Title: pH meter vs. titration method
Post by: Digitalsmgital on November 10, 2013, 05:17:37 PM
I am looking into buying a meter but the $100 price tag of the Extech PH100 seems exorbitant when I am only making a batch or two per month. Plus the cost of maintenance and calibration, I wonder what the final annual cost would actually be.

Does anyone here use the titration method? Seems to me that the initial cost would be much less, yet I don't see any mention of it on this forum. Is the process too slow to use in cheese making? I'm no chemist or mathematician either, but it seems doable.
Title: Re: pH meter vs. titration method
Post by: linuxboy on November 10, 2013, 05:53:57 PM
It is overall harder to use titration without experience for how it works for a specific cheese style using specific milk and repetition. pH is more actionable because it ultimately gives you a more clear picture of the micellar degradation from the acid activity, which helps to determine bound vs unbound calcium, which in turn helps to determine what texture characteristics you want to achieve in the cheese. That said, it's very possible to use TA. We have discussed it some before.

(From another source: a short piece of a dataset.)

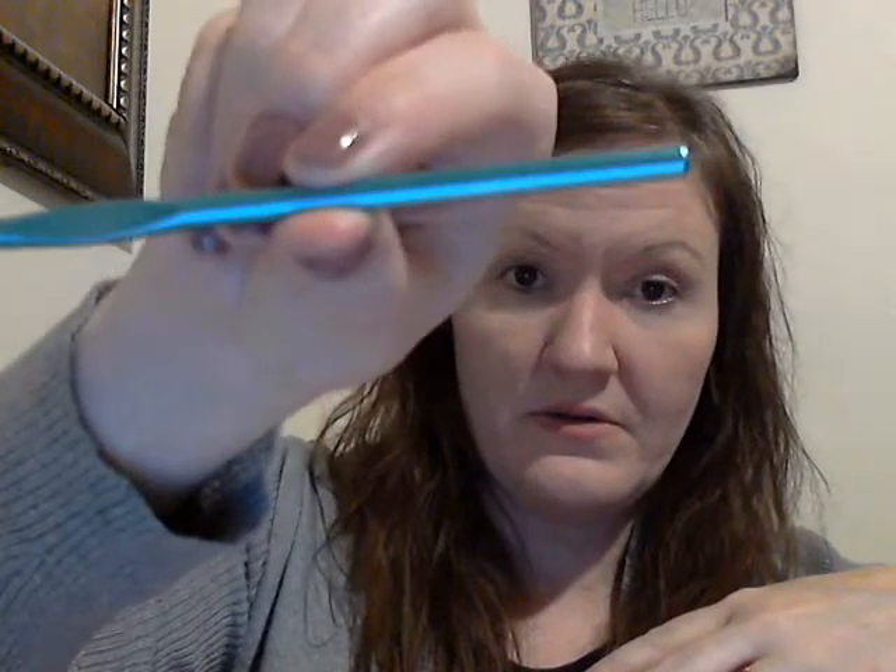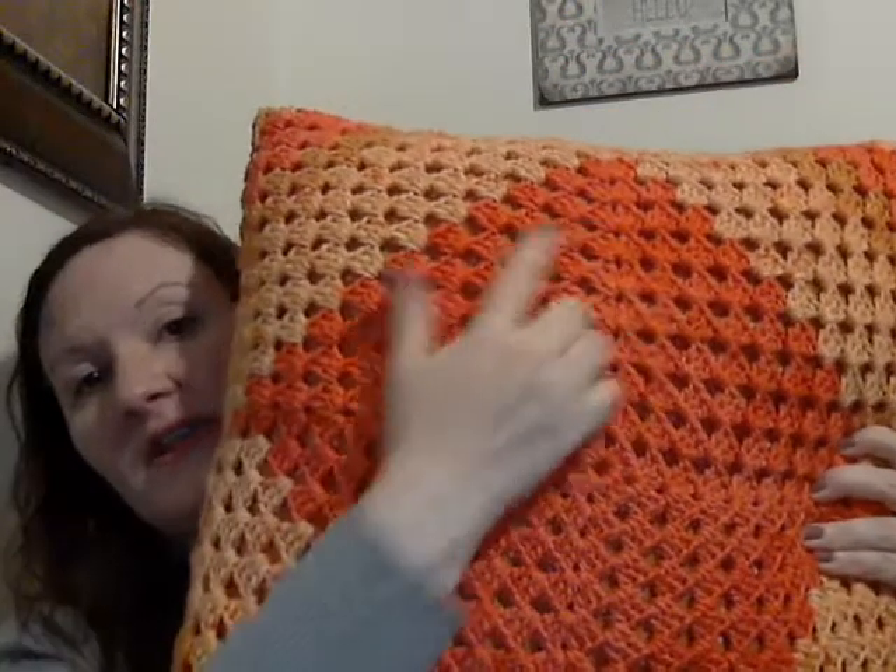All you need is a 5mm hook and whatever yarn you want to use. She chose a Karen Cake colorway, and the color name was Spice Cake — that's why there's a big block of orange that then changes to a pale color. But you can use any colors you want.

http://cheeseforum.org/forum/index.php/topic,5816 (http://cheeseforum.org/forum/index.php/topic,5816)
http://cheeseforum.org/forum/index.php/topic,10010 (http://cheeseforum.org/forum/index.php/topic,10010)
http://cheeseforum.org/forum/index.php/topic,2586.msg21615.html#msg21615 (http://cheeseforum.org/forum/index.php/topic,2586.msg21615.html#msg21615)
Title: Re: pH meter vs. titration method
Post by: Spoons on November 10, 2013, 06:03:42 PM
Using the tritation method should be referred as the "Walter White" method of making cheese.  ;)

About the $100 ph meter expense; After the initial expense, the maintenance and calibration shouldn't cost you too much. PH calibration bottles aren't that expensive (about $6 each) and last quite while. Maybe change the batteries once a year. Probe shouldn't need replacement in years if you maintain it well.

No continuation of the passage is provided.